If you believe your personal data is being processed in violation of the GDPR, you have the right to lodge a complaint with the Garante per la protezione dei dati personali (Piazza Venezia 11, 00187 Roma — www.garanteprivacy.it), pursuant to Art. 77 of the GDPR.

8. Google API Services User Data Policy Compliance

Ads MCP's use and transfer of information received from Google APIs will adhere to the Google API Services User Data Policy, including the Limited Use requirements.

9. Limited Use Disclosure

In accordance with Google's Limited Use requirements, Ads MCP adheres to the following restrictions on the use of Google user data:

  • We use Google user data only to provide or improve user-facing features that are prominent in the requesting application's user interface.
  • We transfer Google user data to others only if necessary to provide or improve user-facing features that are prominent in the application (with user consent), for security purposes, to comply with applicable laws, or as part of a merger, acquisition, or asset sale where the successor is bound by the same restrictions.
  • We do not allow humans to read Google user data unless: (a) the user has given affirmative agreement for specific data to be read (e.g., for customer support), (b) it is necessary for security purposes (e.g., investigating abuse), (c) it is required by applicable law, or (d) the data is aggregated and anonymized and used only for internal operations.
  • All other transfers, uses, or sales of Google user data are prohibited.

10. Human Access to Data

During normal operation, no human at Colibryx reads your Google user data. The application processes data programmatically between your local environment and Google APIs.

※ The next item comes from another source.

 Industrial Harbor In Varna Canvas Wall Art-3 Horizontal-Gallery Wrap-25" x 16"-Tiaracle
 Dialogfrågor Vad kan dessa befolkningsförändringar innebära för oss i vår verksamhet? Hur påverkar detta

Exceptions to this are limited to:

  • Explicit user consent: if you request technical support and provide affirmative agreement for a Colibryx team member to view specific data to resolve your issue.
  • Security investigation: if required to investigate a security incident, fraud, or abuse affecting the application or its users.
  • Aggregated and anonymized data: data that has been fully aggregated and anonymized such that it cannot be associated with any individual user, used solely for internal operations and service improvement.

11. Cookies and Tracking

The Ads MCP website uses cookies and similar technologies. For detailed information about the cookies used, their purposes, and how to manage your preferences, please refer to our Cookie Policy.

The website may use:

  • Google reCAPTCHA: to protect forms against automated abuse. reCAPTCHA is subject to Google's Privacy Policy and Terms of Service.
  • Analytics cookies: with your consent, anonymous usage statistics may be collected to improve the website experience.

12. Policy Updates

We may update this Privacy Policy from time to time. Changes will be posted on this page with an updated "Last updated" date. We are committed to seeking user consent before making material changes that affect how Google user data is processed.

We encourage you to review this page periodically to stay informed about our privacy practices.